I started to read the book more seriously, comparing the descriptions to the lives of people I knew. Again and again it rang true.

It got better. I met people whose mannerisms reminded me of relatives or close friends. I knew the sign of the relative, but not of this new acquaintance. Using the commutative principle, I figured this new person’s sign might be the same as the sign of the person I knew.

“Are you a Virgo?” I would ask. The look on their face was a thrill: “Why, yes, I am,” they would say. “How did you know?”

“I didn’t,” I would say, and I’d smile. I wasn’t just playing a cocktail game – I was learning about a form of order I had never expected. Our personalities were not random at all.

Of course, nothing makes you look foolish more quickly than trying to guess a stranger’s sign – and missing. And my guesses were not always accurate. The look on my new acquaintances’ faces, when I was wrong, was nearly enough to stop me altogether. “But you seemed so bright,” it seemed to say.

But the guesses were accurate far more often than they should have been, given the 12-to-1 odds. And sometimes they didn’t feel like guesses at all. A person’s manner would seem so similar to a cousin of mine, say, that I would feel certain. And I’d be right. After a while, I stopped trying to guess. I had satisfied my curiosity. I saw that if I really wanted to get good at guessing signs, I could.

I came to believe that solar returns are of little help, but their failure does not negate the entire field. The predictive aspects of astrology still elude me. But the characterological stuff – that stuff works.

Shopping in the scorn department

Becoming a believer meant visiting a part of the bookstore on which I had long looked with scorn. Hiding the covers of the astrology books I was flipping through, I struck the same pose that I had taken as a teenage boy looking for pictures of naked women. Just as I had been doing then, I was studying a truth of which society officially disapproved.

It was in one of those bookstore sections, in Albuquerque, that I opened a book written for women – a book on how to find and seduce a man with a compatible sign. It’s often interesting to learn how women look at mating.

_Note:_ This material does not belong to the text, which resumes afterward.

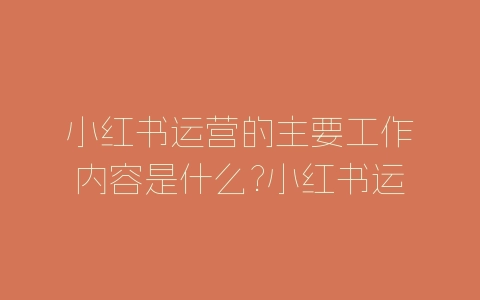 小红书运营的主要工作内容是什么?小红书运营工作内容介绍-自媒星球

More to the point, though, I wanted to see what advice this author would give to a female Pisces about male Tauruses.

You see, Judy is a Pisces. Even though we had been apart for years, and I had moved two thousand miles away and had dated two women seriously since then, I couldn’t quite get her out of my mind.

And that’s what the book said. More to the point, it said, “When the Taurus man meets the Pisces woman, he thinks she’s a dream come true. It works well for her, too, at first. Gradually, though, his temper hurts her more delicate sensibilities, and she swims away. And now the trouble begins, because he can’t let her go.”

“Avoid at all costs,” it warned the Pisces female.

Reading it, all those miles and years and partners away from Judy, I felt terrible. What I had seen as the love of my life was reduced to a few lines in a book – a few lines that made me look, well, bad.

As with the coffee grounds, so with astrology: The loss of Judy had opened my stubborn eyes.